Mission Therapeutics commences landmark trial of MTX325, a potential disease-modifying treatment for Parkinson’s Disease
Mission Therapeutics commences landmark trial of MTX325, a potential disease-modifying treatment for Parkinson’s Disease
· Builds on preclinical proof-of-concept that MTX325 protects dopamine-producing brain cells by enhancing mitophagy – the process cells use to remove dysfunctional mitochondria
Cambridge, UK – 21 March 2024 – Mission Therapeutics (“Mission” or the “Company”), a clinical-stage biotech developing first-in-class therapeutics targeting mitophagy, today announces the start of a Phase I first-in-human clinical trial of MTX325, its potential disease-modifying treatment for Parkinson’s Disease (PD).
Around 10 million people suffer from Parkinson’s Disease worldwide, including almost one million in the US and around 1.2 million in Europe – numbers that are set to increase as populations age.
Mission Therapeutics has now completed dosing the first cohort of healthy volunteers in a multi-part, adaptive Phase I study evaluating safety, tolerability, pharmacokinetics and brain penetration of MTX325. Single ascending, multiple dose ascending and elderly healthy volunteer cohorts are planned in 2024, whereas Parkinson’s Disease patients will be the focus of the trial in 2025.
Dr Paul Thompson, PhD, Chief Scientific Officer, Mission Therapeutics, said: “The launch of this first-in-human trial is a significant step forward for Mission Therapeutics, as we look to assess the potential of MTX325 as a disease-modifying treatment for Parkinson’s Disease. While existing treatments for Parkinson’s can help control symptoms such as tremors, slowness of movement, and cognitive problems, none address the underlying neuronal loss which causes this devastating condition."
Dr Suhail Nurbhai, Chief Medical Officer, Mission Therapeutics, said: “We are delighted to have brought this second USP30 inhibitor into clinical development. The overall objectives of this Phase I trial are to confirm the safety, tolerability and CNS penetration of MTX325, in both healthy volunteers and patients with Parkinson’s Disease, and help us determine appropriate doses for future efficacy testing. We look forward to progressing this compound rapidly through initial clinical testing and aim to demonstrate its potentially beneficial clinical profile later this year.”

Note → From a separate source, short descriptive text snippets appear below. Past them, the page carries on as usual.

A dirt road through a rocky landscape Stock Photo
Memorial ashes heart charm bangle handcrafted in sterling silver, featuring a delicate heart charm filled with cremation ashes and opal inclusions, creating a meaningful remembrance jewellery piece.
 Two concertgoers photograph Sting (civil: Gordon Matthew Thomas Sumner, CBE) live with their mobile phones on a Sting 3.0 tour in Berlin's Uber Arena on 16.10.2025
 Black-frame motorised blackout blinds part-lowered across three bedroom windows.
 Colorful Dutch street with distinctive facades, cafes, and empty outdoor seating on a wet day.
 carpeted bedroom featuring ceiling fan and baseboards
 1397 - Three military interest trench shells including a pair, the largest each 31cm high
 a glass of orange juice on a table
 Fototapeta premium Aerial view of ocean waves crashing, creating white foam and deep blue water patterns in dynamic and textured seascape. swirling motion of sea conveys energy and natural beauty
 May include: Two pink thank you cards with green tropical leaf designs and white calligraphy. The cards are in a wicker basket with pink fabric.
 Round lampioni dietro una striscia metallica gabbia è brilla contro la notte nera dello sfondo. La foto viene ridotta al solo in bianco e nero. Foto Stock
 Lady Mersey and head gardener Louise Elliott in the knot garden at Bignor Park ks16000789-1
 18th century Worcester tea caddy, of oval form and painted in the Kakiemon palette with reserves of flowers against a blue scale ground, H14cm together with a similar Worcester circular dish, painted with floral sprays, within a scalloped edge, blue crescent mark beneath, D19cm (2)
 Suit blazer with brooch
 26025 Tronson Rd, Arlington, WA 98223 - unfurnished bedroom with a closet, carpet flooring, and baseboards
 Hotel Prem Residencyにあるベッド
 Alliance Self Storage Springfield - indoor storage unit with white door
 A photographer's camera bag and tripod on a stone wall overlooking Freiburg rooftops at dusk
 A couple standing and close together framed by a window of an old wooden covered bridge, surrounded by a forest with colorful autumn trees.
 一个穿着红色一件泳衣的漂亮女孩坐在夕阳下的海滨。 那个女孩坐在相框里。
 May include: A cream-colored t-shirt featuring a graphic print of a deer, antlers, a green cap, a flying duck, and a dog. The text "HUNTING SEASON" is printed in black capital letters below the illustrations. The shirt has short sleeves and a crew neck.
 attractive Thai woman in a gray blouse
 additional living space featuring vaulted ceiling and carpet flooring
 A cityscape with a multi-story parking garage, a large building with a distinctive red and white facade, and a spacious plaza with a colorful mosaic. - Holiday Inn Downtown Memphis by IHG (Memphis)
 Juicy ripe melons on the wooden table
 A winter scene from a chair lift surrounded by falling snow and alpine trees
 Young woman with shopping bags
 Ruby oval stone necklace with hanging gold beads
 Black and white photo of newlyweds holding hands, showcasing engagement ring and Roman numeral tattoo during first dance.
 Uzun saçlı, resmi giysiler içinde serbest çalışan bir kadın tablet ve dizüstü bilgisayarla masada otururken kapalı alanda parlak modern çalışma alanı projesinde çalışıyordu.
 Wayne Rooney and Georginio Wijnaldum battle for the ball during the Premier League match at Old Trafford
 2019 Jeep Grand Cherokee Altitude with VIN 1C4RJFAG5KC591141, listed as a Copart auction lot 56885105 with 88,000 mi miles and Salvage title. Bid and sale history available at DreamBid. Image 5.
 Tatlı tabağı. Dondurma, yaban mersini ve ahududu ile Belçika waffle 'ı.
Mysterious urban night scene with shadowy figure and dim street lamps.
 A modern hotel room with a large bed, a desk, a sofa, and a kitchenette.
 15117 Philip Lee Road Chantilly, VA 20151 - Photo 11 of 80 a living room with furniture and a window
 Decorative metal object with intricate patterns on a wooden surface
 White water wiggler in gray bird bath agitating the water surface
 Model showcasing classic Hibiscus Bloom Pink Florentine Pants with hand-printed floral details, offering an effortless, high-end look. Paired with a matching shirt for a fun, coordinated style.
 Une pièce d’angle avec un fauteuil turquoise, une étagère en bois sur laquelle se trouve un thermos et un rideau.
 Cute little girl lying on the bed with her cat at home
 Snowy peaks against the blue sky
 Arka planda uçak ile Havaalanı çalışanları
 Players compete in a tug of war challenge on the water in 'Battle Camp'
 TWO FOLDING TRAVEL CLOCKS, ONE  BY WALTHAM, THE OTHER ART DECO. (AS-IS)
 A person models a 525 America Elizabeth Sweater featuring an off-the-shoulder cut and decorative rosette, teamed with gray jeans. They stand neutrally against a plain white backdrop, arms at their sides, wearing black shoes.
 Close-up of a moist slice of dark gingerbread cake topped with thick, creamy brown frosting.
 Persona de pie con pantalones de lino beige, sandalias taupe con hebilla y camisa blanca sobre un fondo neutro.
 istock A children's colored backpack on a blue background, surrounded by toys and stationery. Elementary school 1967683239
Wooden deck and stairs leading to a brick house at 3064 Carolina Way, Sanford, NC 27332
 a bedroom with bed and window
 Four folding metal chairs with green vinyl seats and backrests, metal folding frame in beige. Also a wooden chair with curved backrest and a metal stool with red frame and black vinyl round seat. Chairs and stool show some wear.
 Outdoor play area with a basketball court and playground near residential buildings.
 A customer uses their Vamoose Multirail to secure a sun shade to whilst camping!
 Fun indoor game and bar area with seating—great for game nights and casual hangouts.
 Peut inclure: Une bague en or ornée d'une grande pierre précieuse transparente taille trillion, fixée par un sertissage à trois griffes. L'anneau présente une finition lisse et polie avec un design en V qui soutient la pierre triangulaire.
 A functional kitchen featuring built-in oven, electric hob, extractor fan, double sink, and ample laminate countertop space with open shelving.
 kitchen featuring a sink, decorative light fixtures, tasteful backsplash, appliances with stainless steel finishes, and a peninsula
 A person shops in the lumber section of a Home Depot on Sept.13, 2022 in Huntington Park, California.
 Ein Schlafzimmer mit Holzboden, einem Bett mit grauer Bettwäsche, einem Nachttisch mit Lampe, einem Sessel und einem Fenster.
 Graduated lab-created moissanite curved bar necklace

The start of the trial follows the publication of a key academic paper in the journal Nature Communications last December by scientists at Cambridge University, Harvard University and Mission Therapeutics. The paper outlined their preclinical research in mouse models, which provided strong experimental evidence supporting the thesis that MTX325 can modify the course of PD by targeting USP30.
USP30 is a deubiquitylating enzyme (DUB) known to inhibit mitophagy, the process cells use to rid themselves of dysfunctional mitochondria. A growing body of scientific evidence has linked a build-up of dysfunctional mitochondria in cells to a range of diseases, including PD, Kidney Disease, Heart Failure, idiopathic pulmonary fibrosis (IPF) and Duchenne’s Muscular Dystrophy (DMD).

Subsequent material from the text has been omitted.